Concluding the film, Huntley warns of another mode of attack, one more devastating then even a surprise air-burst.  He speaks of the water-burst, an underwater detonation of atomic devices in port cities and coastal territories.  Similar to the final segments of You Can Beat The A Bomb, the belief held that an explosion underwater would bring fallout laced rain pouring down upon major cities.  To drive home the fear of this scenario, a longshoreman watches a water burst mushroom cloud fly into the air before stumbling indoors, narrowly missing the water raining over his work zone.  As the music grows somber, he shakes his head slowly in disbelief, backing away from the deadly meteorological situation and heeding Huntley's advice to stay inside. 
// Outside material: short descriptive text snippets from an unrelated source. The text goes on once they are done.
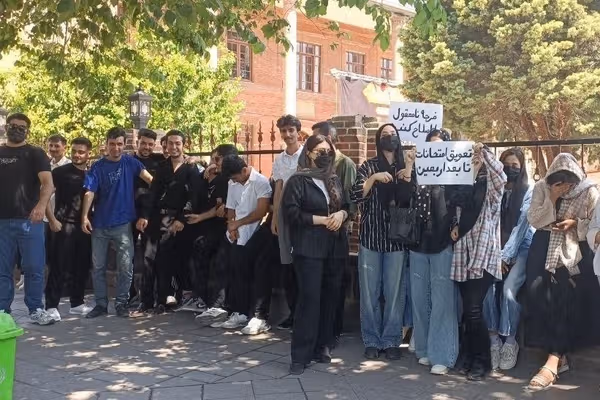 Students protest exam schedule, demand postponement of final tests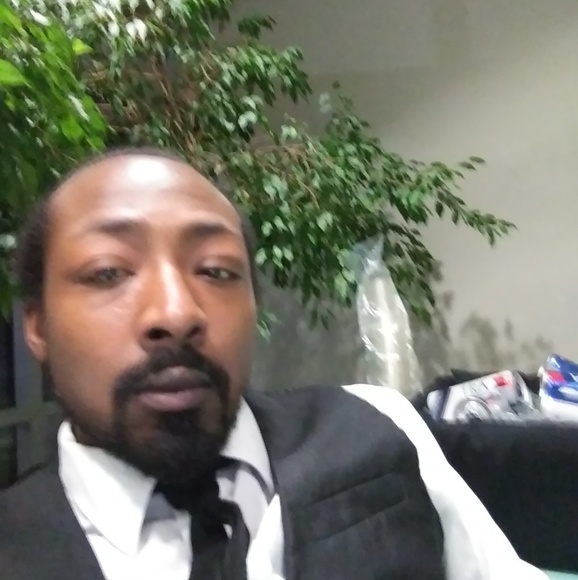 Profile Picture of Stephen Thomas gilliam (@stephentgilliam) on Poshmark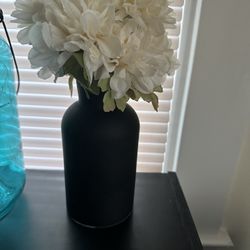 New Black Vase & Flowers 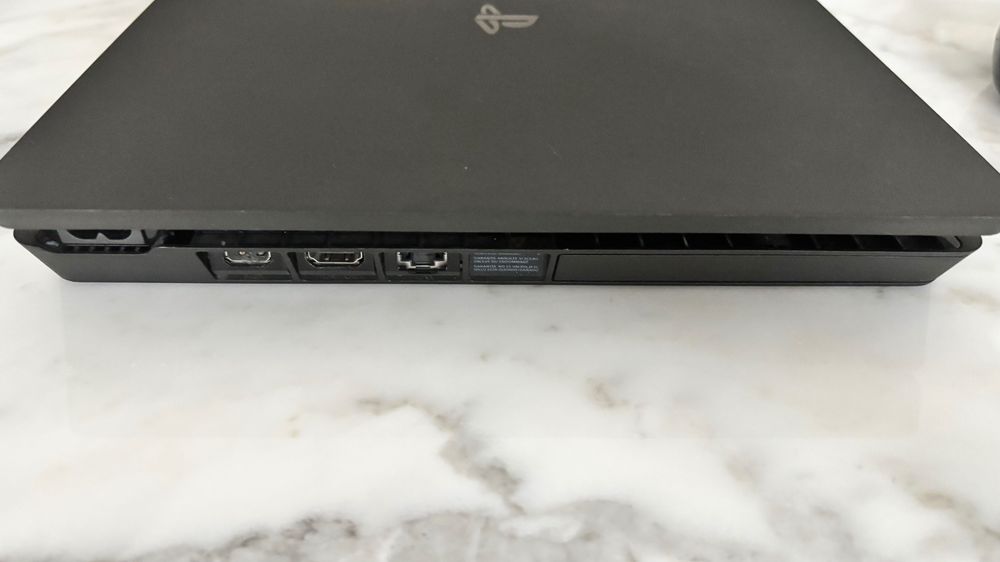 PlayStation 4 Slim 1TB – Modelo CUH-2116B – 2 Comandos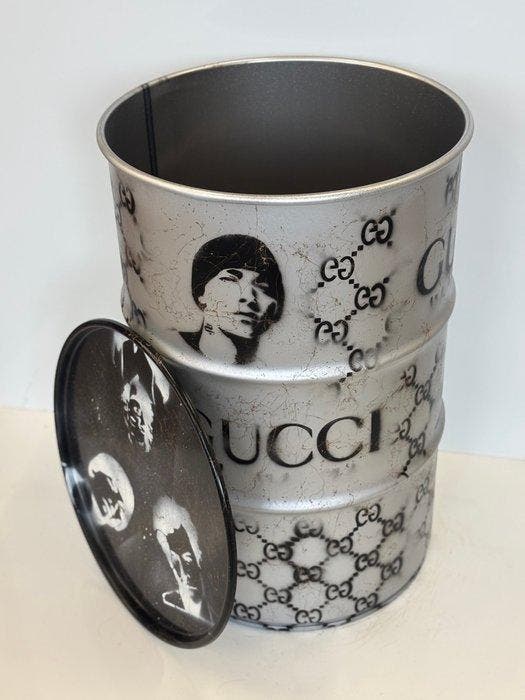 Rob VanMore - Barrel Gucci x Famous, Antiek en Kunst, Kunst | Designobjecten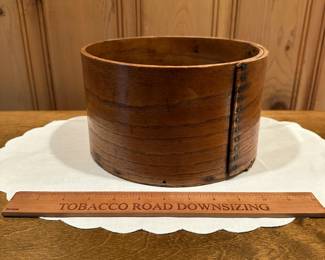 B36 - $75. Bent Wood Dry Measure primitive storage box. Excellent Condition.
                             

"Well there you have it, the bomb will have struck.  Some of us will have perished...  But most of us, those who will have taken the necessary precautions, will be safe, although there will be much left to do.  Because such an explosion will have left some areas dangerously radioactive.  Much can be done, but most will fall in the hands of Civilian Defense Groups, disaster squads, and Red Cross Units!  They will be there to help you, they will instruct you to bury contaminated clothing, not to burn it, since smoke is a carrier of radioactive particles.  They will show you how your coarse, grease cutting soap will either remove or reduce radioactivity from your body.  They will tell you to listen to your radio attentively for important instructions, and they will help those who will not be in a condition to help themselves.  Theirs will indeed be a noble duty!  Meanwhile your duty will be to support these groups and to help organize them if need be.  In so doing, you will not be doing something and getting nothing in return, you will be giving to protect yourself, your home, and your country!"